Required work:
Where an entry contains an image, skip the image and print the rest exactly.

== Material provided ==

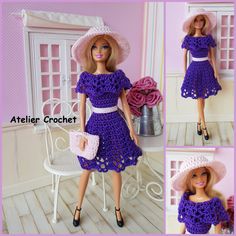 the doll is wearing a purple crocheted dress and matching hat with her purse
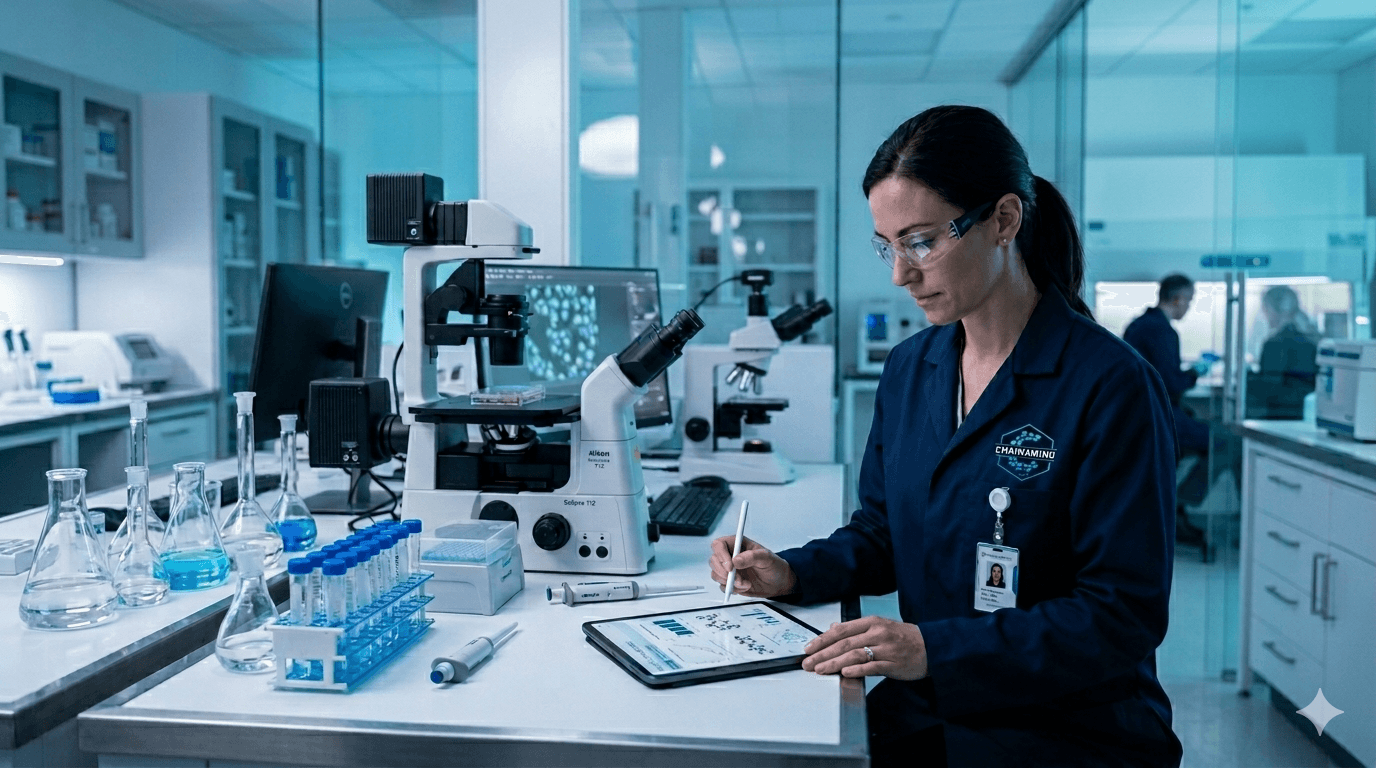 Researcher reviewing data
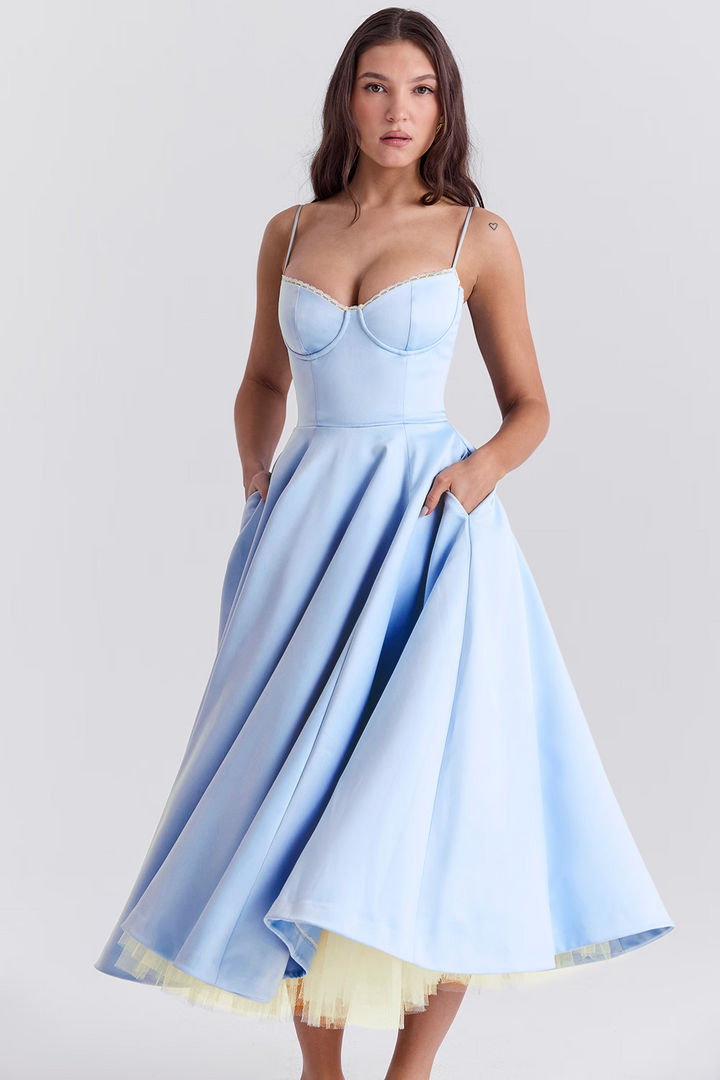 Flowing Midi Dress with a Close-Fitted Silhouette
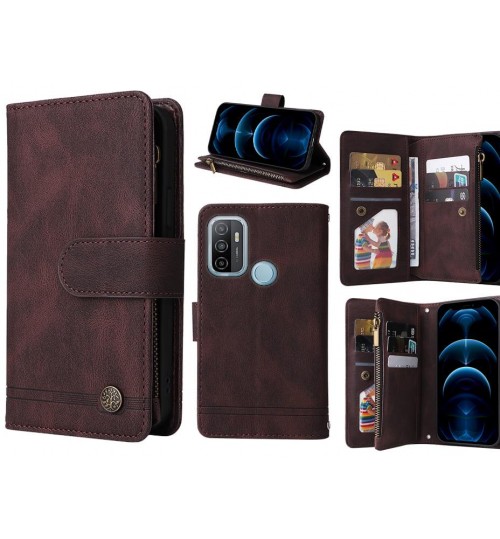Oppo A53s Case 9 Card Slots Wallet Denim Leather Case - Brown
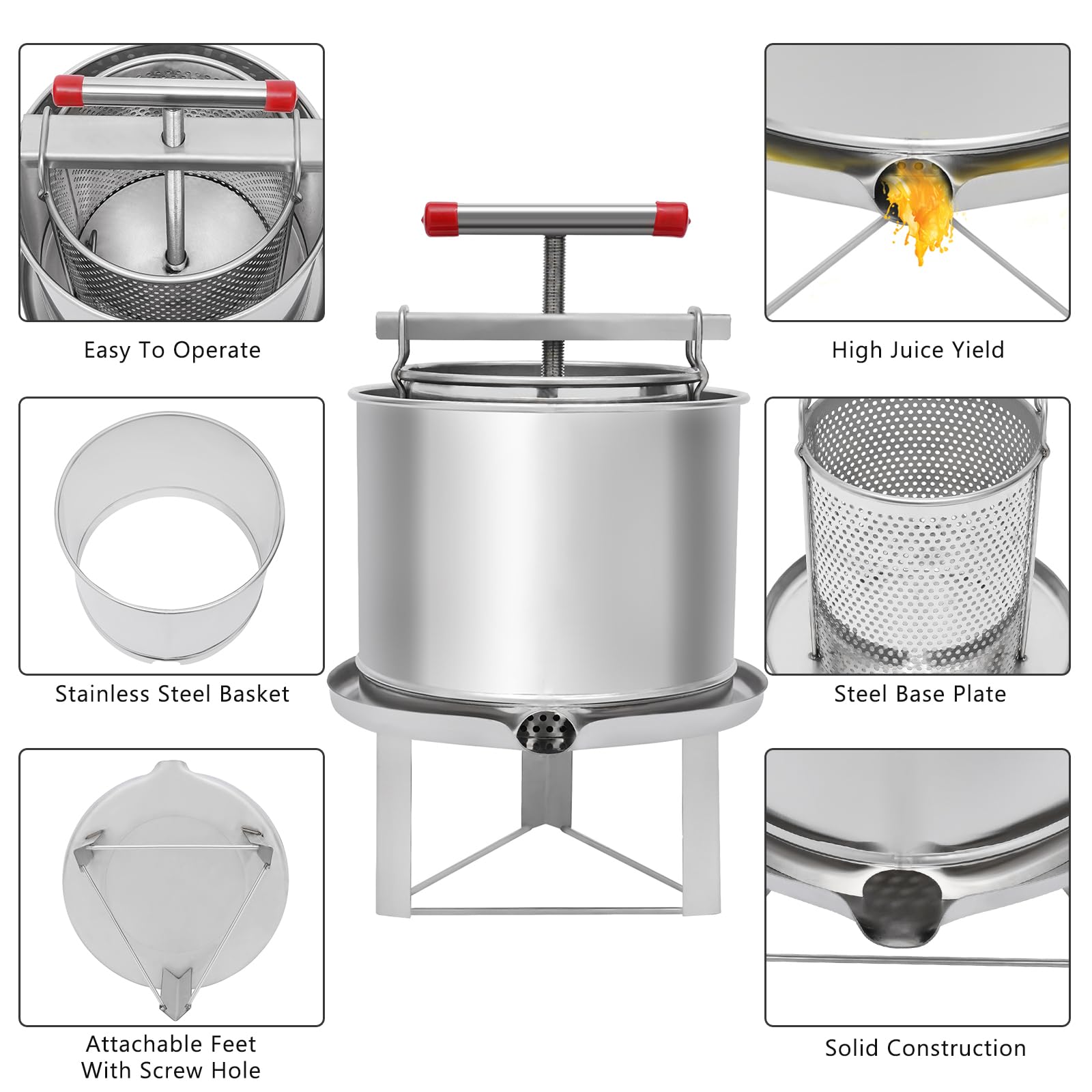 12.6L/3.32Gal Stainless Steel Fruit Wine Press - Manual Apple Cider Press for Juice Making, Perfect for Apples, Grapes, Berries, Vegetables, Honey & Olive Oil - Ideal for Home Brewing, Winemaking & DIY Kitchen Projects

===

Result of this exercise:
 the doll is wearing a purple crocheted dress and matching hat with her purse
 Researcher reviewing data
 Flowing Midi Dress with a Close-Fitted Silhouette
Oppo A53s Case 9 Card Slots Wallet Denim Leather Case - Brown
 12.6L/3.32Gal Stainless Steel Fruit Wine Press - Manual Apple Cider Press for Juice Making, Perfect for Apples, Grapes, Berries, Vegetables, Honey & Olive Oil - Ideal for Home Brewing, Winemaking & DIY Kitchen Projects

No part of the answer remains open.